Scan each line of the records for the word "European" and extract the ones that have it.

Top of Supplied material

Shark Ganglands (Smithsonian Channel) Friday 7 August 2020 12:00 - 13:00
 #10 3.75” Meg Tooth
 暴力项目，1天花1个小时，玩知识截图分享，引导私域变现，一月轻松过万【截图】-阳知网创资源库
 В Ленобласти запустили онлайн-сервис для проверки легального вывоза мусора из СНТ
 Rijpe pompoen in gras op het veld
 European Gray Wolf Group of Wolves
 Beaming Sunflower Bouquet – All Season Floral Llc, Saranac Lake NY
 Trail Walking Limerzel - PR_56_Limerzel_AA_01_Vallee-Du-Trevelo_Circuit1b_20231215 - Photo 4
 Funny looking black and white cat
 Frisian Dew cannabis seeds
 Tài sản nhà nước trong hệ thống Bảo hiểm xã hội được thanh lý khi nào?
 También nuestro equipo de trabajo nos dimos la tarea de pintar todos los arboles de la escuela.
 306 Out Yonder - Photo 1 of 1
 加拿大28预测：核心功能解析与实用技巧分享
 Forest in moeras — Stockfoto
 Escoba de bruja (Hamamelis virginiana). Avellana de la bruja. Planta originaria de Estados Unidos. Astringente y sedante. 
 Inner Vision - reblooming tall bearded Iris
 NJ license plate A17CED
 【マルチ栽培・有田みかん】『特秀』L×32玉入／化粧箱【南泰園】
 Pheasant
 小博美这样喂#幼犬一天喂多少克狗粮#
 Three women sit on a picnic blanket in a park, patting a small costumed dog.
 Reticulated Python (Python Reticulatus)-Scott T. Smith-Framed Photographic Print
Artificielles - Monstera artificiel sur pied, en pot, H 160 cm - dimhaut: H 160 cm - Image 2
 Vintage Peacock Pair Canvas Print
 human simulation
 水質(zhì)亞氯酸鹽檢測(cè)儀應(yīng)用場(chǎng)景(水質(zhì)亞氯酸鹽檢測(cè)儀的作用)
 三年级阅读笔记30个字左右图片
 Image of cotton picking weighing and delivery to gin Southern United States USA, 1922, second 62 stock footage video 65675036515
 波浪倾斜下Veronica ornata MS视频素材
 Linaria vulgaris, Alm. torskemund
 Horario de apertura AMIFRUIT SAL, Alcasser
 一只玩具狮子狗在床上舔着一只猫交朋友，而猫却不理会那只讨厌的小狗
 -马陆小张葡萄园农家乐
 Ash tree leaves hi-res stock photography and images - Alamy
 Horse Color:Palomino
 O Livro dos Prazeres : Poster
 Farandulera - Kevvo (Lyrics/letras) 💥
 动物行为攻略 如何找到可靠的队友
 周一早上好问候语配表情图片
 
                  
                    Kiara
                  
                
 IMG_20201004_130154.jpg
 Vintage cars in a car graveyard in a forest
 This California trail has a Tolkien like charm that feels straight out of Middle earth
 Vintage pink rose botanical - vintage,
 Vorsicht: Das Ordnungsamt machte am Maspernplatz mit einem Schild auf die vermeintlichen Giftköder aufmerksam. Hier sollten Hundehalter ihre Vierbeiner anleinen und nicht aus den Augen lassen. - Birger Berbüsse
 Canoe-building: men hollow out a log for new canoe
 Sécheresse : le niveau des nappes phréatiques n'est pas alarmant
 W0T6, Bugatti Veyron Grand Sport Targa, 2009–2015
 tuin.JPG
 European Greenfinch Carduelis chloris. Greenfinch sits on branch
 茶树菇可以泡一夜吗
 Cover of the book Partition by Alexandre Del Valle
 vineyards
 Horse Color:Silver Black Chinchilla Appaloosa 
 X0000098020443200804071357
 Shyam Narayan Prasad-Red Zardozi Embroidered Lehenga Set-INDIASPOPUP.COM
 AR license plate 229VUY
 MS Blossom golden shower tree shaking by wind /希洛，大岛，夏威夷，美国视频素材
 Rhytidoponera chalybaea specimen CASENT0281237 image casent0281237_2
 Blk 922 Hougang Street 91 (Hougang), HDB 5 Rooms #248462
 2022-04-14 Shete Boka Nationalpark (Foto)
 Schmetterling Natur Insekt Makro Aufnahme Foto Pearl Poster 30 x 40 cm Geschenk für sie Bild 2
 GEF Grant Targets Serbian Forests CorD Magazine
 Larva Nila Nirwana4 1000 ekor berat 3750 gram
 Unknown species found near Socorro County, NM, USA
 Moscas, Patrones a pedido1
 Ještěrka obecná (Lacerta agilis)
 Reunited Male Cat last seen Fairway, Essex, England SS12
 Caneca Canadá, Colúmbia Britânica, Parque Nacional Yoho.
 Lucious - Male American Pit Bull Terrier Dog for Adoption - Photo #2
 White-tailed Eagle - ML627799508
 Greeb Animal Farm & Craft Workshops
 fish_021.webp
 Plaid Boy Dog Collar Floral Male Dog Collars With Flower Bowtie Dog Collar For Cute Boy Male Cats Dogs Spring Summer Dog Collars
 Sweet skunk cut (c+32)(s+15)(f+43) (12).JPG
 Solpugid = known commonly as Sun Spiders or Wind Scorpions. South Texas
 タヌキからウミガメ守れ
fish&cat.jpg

Bottom of Supplied material

## [Task answer]
 European Gray Wolf Group of Wolves
 European Greenfinch Carduelis chloris. Greenfinch sits on branch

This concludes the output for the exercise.